A note on relationship between marginal probabilities and conditionals.

by d_ijk_stra

I occasionally come across people who define their models by a “Gibbs” sampling algorithm, without explicitly specifying a marginal distribution. That is, to model a bivariate distribution on X and Y, these people do not define their marginal distribution p(x,y); instead, they show me a pair of conditional distributions p(x \mid y) and p(y \mid x), and tell me that’s their probabilistic model. This always make me feel very uncomfortable, but I couldn’t tell exactly why that’s a bad idea; so I gave it some thought this time. I could not find a compelling reason to be against this practice, but in the process I learned some interesting facts about marginal probabilities and conditional probabilities; I was so entertained that I wanted to write down my thought process here.
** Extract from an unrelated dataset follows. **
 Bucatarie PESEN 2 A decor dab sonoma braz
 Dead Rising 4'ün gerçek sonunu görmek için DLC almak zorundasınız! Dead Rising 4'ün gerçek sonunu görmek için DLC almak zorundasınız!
I started thinking about whether a bivariate random variable X,Y is fully specified by p(x \mid y) and p(y \mid x). In other words, if you are given p(x \mid y) and p(y \mid x), how much do you know about p(x,y)? If there is any hole, then I thought that could make a strong argument. I started by coming up with a somewhat atrocious pair of conditional distributions which I thought to be a counter-example:

X|Y=y \sim I(X=y), Y|X=x \sim I(Y=x),

where I(\cdot) is an indicator function. That is, given Y=y, X=y with probability 1; and also, given X=x, Y=x with probability 1. This pair of conditional probabilities give you absolutely no information about marginal distribution of X, Y, or X,Y. X could be a normal distribution, a Cauchy, or a whatever distribution you name it. So this is an example specifying conditional distributions is not enough.
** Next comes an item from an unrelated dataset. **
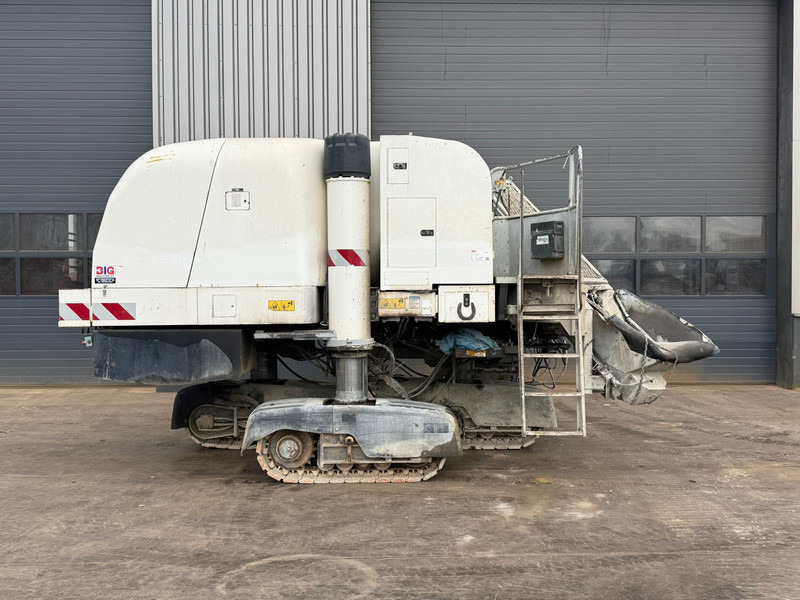 GOMACO GT3400 Concrete Slipform Paver - Finisseur: photos 5 GOMACO GT3400 Concrete Slipform Paver - Finisseur: photos 5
I was not satisfied with this example, however, because one would argue that nobody would use such a stupid distribution to specify their model. Then, I came up with a better-looking example:

X|Y=y \sim \mathcal{N}(y, 1^2),Y|X=x \sim \mathcal{N}(x, 1^2),

where \mathcal{N}(\mu, \sigma^2) is a normal distribution with mean \mu and standard deviation \sigma. This may look somewhat legitimate if you don’t pay enough attention, but this does not specify a well-defined probability distribution either; if you run Gibbs sampling algorithm with these conditional distributions, for example, your samples will follow a random walk and will drift to anywhere in \mathbb{R}^2. So, this implies that some pair of conditional distributions do not specify a non-degenerate marginal distribution, and therefore care should be taken if you are specifying your model with only conditionals.
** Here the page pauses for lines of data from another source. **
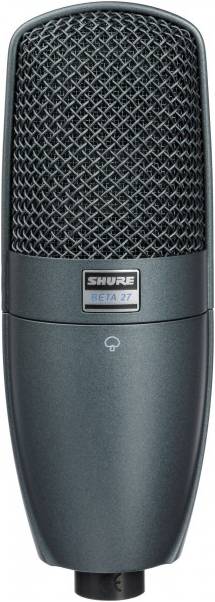 SHURE BETA 27 - Микрофон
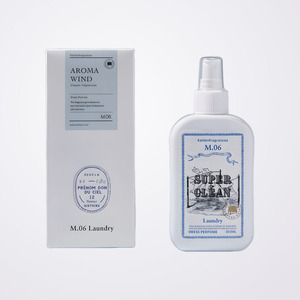 Produits de beauté Kellen Dress Perfume 185ml M.06 Parfum au miel pour le linge Cosmétiques coréens Produits de beauté coréens - Product Image 3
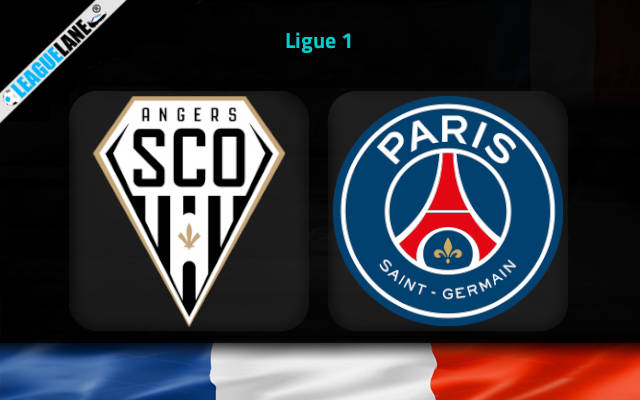 Angers vs PSG Prediction & Match Preview
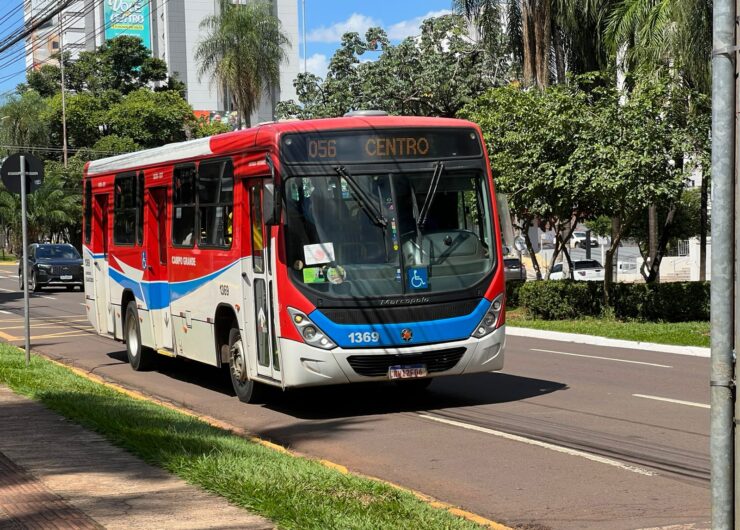 Mulheres terão prioridade em assentos nos ônibus de Campo Grande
However, I still felt uncomfortable that some may still argue that my counter-examples do not satisfy some necessary regularity conditions, while theirs do. It occurred to me that Gibbs sampling works under fairly weak regularity conditions; since you can recover your distribution up to arbitrary precision with Gibbs sampling algorithm, actually conditional distributions should be enough to specify the marginal distribution. So this time, I wrote down conditional distributions as follows:

p(x \mid y) p(y) = p(y \mid x) p(x).

Then, I realized that

\frac{p(y)}{p(x)} = \frac{p(y \mid x)}{p(x \mid y)}.

If you integrate both sides in y, since \int p(y) dy = 1, you get

\frac{1}{p(x)} =\int \frac{p(y \mid x)}{p(x \mid y)} dy,

in other words,

p(x)=\frac{1}{\int \frac{p(y \mid x)}{p(x \mid y)} dy}.

This implies that you can recover the marginal distribution p(x) from conditional distributions. You can also get marginal distribution on X,Y by p(x) \cdot p(y \mid x), so a pair of conditional distributions actually fully specifies the model as long as the above integration can be done with probability 1. Going back to the previous example where X|Y=y \sim \mathcal{N}(y, 1^2),Y|X=x \sim \mathcal{N}(x, 1^2), the ratio of these conditional density function is a constant and not integrable everywhere; that was why this pair of conditional distributions do not define a non-degenerate marginal distribution.

In general, it may not be easy to check whether \int \frac{p(y \mid x)}{p(x \mid y)} dy is integrable with probability 1. However, I feel like this is not a strong enough argument yet… I feel like there has to be more constraints on conditional probabilities, but I don’t know about them yet. On the other hand, the ratio of two conditional densities \frac{p(y \mid x)}{p(x \mid y)} seems pretty interesting! I wonder whether it turned out to be useful in somewhere else.